Visitors to New York’s Central Park Reservoir experience a drama full of springs. His star performer, exciting park visitors and terrorizing seagulls is Rover, a bald eagle.
The city’s birdwatchers have been following Rover for two years, with some pointing to his ongoing story as demonstrating the conservation benefits of attaching aluminum ties to the legs of endangered bird species when they are young. Rover’s arrival in the five boroughs also adds to the mounting evidence of a return to urban areas by birds of prey. If Rover can make a home in and around Central Park, perhaps even more eagles will fill the city’s skies in the coming years.
Rover’s story begins in New Haven, Conn. In 2016, the city’s birdwatchers were surprised to see a pair of bald eagles building a nest at a busy intersection. The male wore a band around his leg that read ‘P2’, while the female had no band. Birders christened the pair Walter and Rachel — W and R after the West River, which flows through the city, said Martin Torresquintero, the outdoor adventure coordinator for the city’s government.
Walter and Rachel were unable to raise a boy that year and then moved to a nearby cemetery. They succeeded the following year, and again in 2018 when they laid three eggs.
Biologists at the Connecticut Department of Energy and Environmental Protection monitored the nest until the eggs hatched. On May 11, 2018, Brian Hess, a state wildlife biologist, drove an aerial platform from the city of New Haven to the nest and removed the chicks. He weighed and measured them, placed a metal ring on each of their legs and returned them. One ring contained a long number assigned by the United States Geological Survey’s Bird Banding Laboratory, while the other two contained large characters visible through telescopes or zooms. The female sibling’s tape read P7, while one male read R7 and the other S7.
Two years later, a young bald eagle began to watch in the tall pines of Brooklyn’s Green-Wood Cemetery. “I couldn’t believe there was a bald eagle hanging out at Green-Wood Cemetery in central Brooklyn,” said Angela Panetta, a birdwatcher in the neighborhood who said the eagle piqued her interest in birdwatching.
Birders in Green-Wood noticed a ring around his left leg, R over 7, earning him the nickname Rover, and they’ve been following him ever since.
Then, just a few weeks ago, a striped bald eagle dramatically appeared in Central Park, perched low above the reservoir and yanking a seagull from the sky in front of onlookers.

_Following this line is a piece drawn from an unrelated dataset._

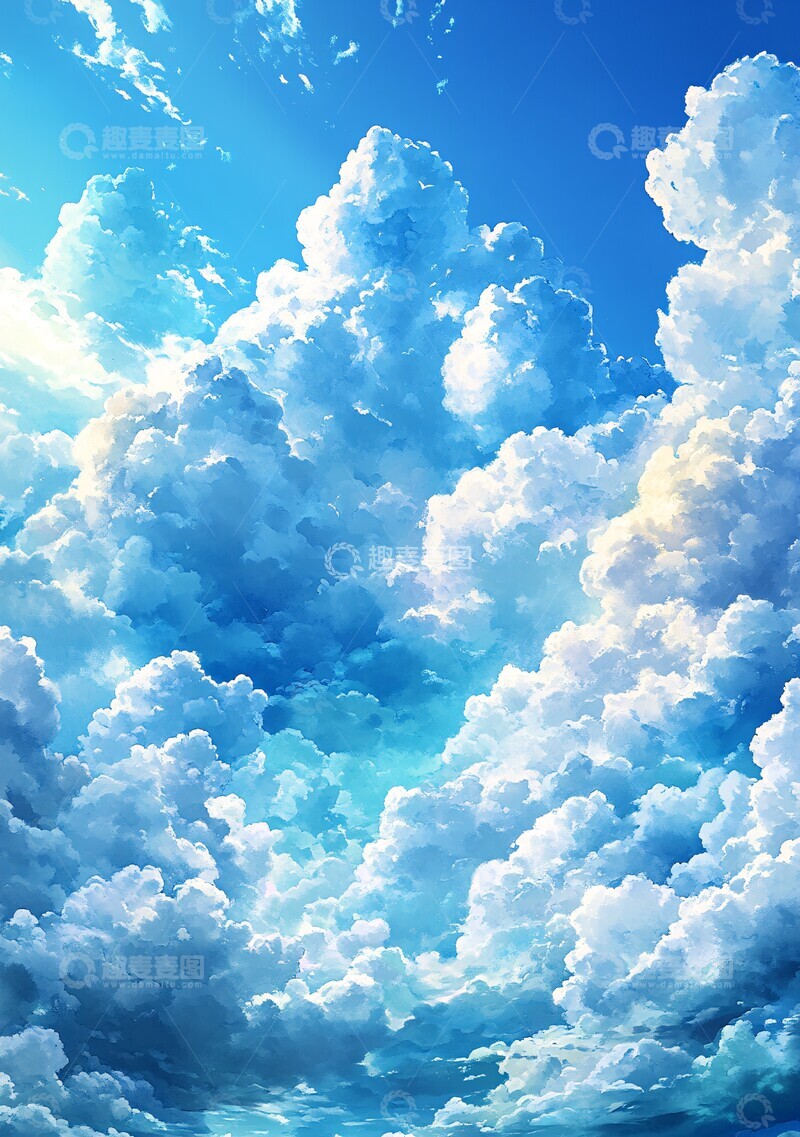 高清大图下载【趣麦麦图】蓝天绿波蓝天绿波水彩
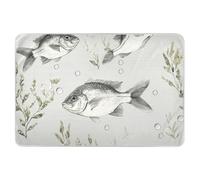 Sweeds Fishes Grey Extra Large Resuable Potty Training Pad Soft Absorbent Potty Training Mattress Pad Portable Diaper Pads for Kids Adults Pets 52" L x 34" W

Mr Hess had seen a video of bald eagle hunting in Central Park. “I thought, wow, that’s the coolest thing,” he said. Shortly afterwards, he was contacted with a report that a bald eagle with the black belt indicating R7 had hanged in New York City. He recognized the combination right away – it was one of the siblings he had banded together in 2018.
Rover represents part of an ongoing trend of birds of prey moving to urban areas. Birds of prey populations plummeted in the first half of the 20th century due to widespread hunting and the use of the insecticide DDT. These chemicals traveled through the food web and accumulated in predators such as bald eagles, making the shell of their eggs too thin to support the weight of the parent, said Jen Cruz, a population ecologist at Boise State University.
Bans on DDT, as well as laws prohibiting harming or disturbing bald eagles, have led to the species’ recovery. The population of bald eagles has quadrupled since 2009, and these large white-headed raptors are now a regular sight, even in New York City; Bald eagles, for example, breed on Staten Island. The birds are adaptable and can feed on fish, roadkill, other birds and more – even in Central Park.
“I’ve been birding Central Park for at least five years now,” says Ursula Mitra of Manhattan. “And frankly, I’ve never seen an eagle hunting on the reservoir, except in the past four or five weeks.”
Birds of prey are still threatened in New York City. Last year, Barry, Central Park’s famous barred owl, died after being hit by a maintenance vehicle. An autopsy revealed that she had eaten poisoned prey.
Rover’s family has also endured drama. No new sightings of P7 have been reported, and S7 was killed by a truck in West Virginia in September 2018. Rover’s mother, Rachel, was hit by a truck on I-95 in 2020 and survived. But during her rehab, Walter found a new partner who fought Rachel when she tried to get back with him, Mr. Torresquintero said.
Mr Hess is optimistic about Rover’s future. Bald eagles start breeding around the age of 5 years and Rover is 4 years. He may find a mate and choose to breed in New York City as well.
“Obviously this bird has figured out how to catch gulls, and probably ducks too,” Mr. Hess said. “They are really smart and adaptable birds that have figured out how to survive in many different places.”